• _Assignment_
From the first line to the last, please print the entries exactly, omitting pictures.

### Data ###

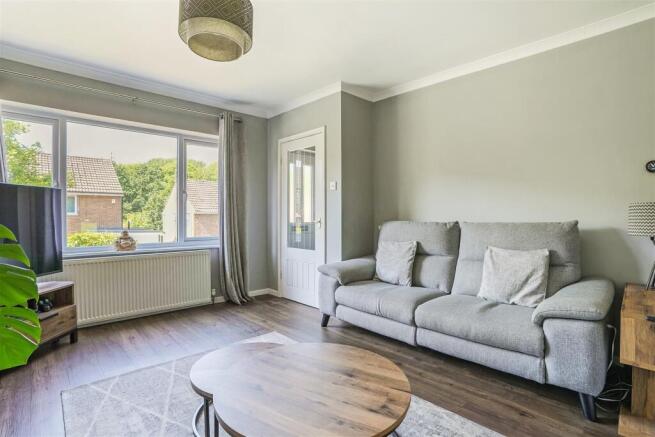 Living Room 1.jpg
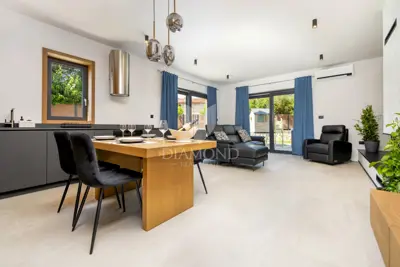 Doppelhaus 196 m², Bale - Zentrum, Hof und Jacuzzi - 13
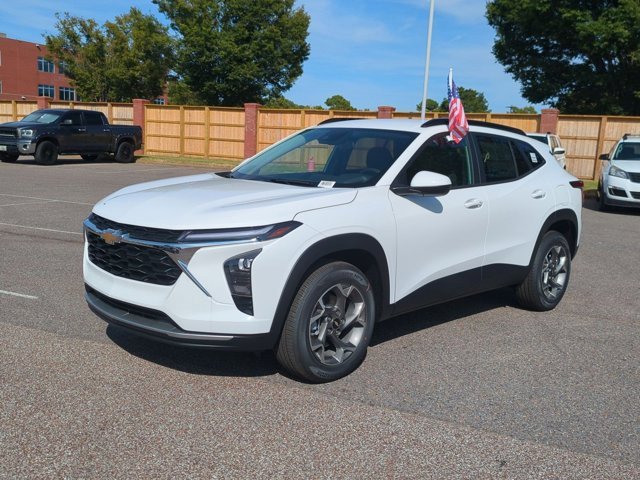 2025 Chevrolet Trax LT photo 4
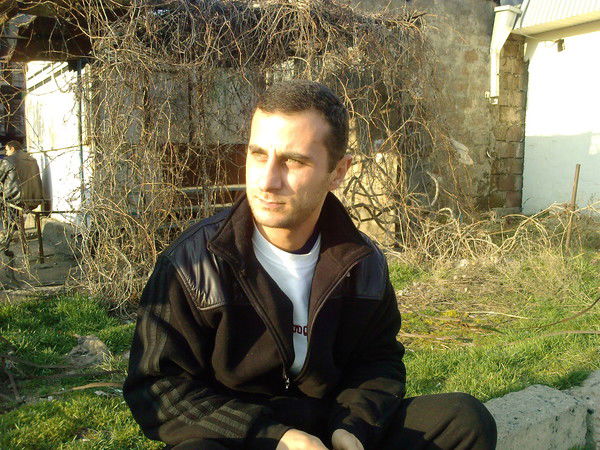 Виген Асланян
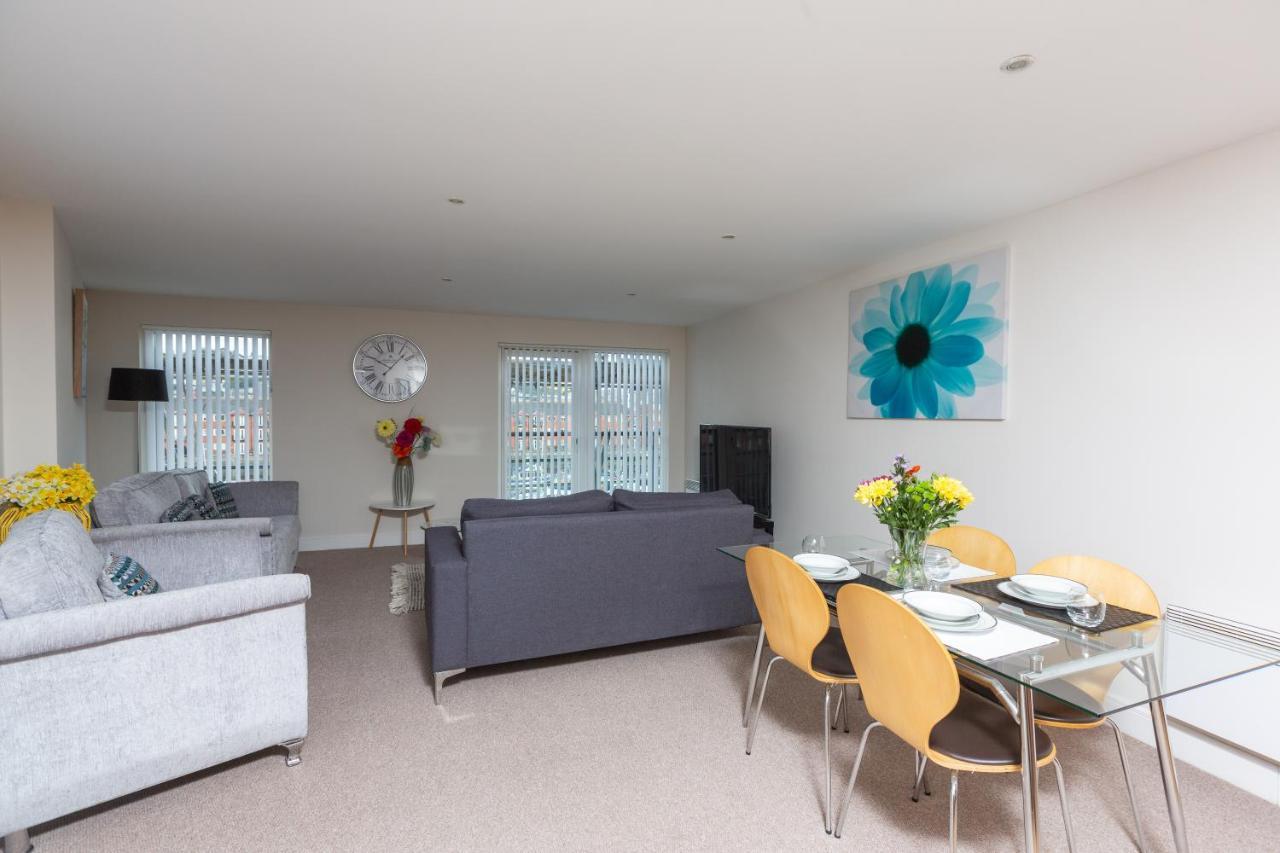 Marina View Apartment スウォンジー エクステリア 写真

###

• _Expected output_
 Living Room 1.jpg
 Doppelhaus 196 m², Bale - Zentrum, Hof und Jacuzzi - 13
 2025 Chevrolet Trax LT photo 4
 Виген Асланян
 Marina View Apartment スウォンジー エクステリア 写真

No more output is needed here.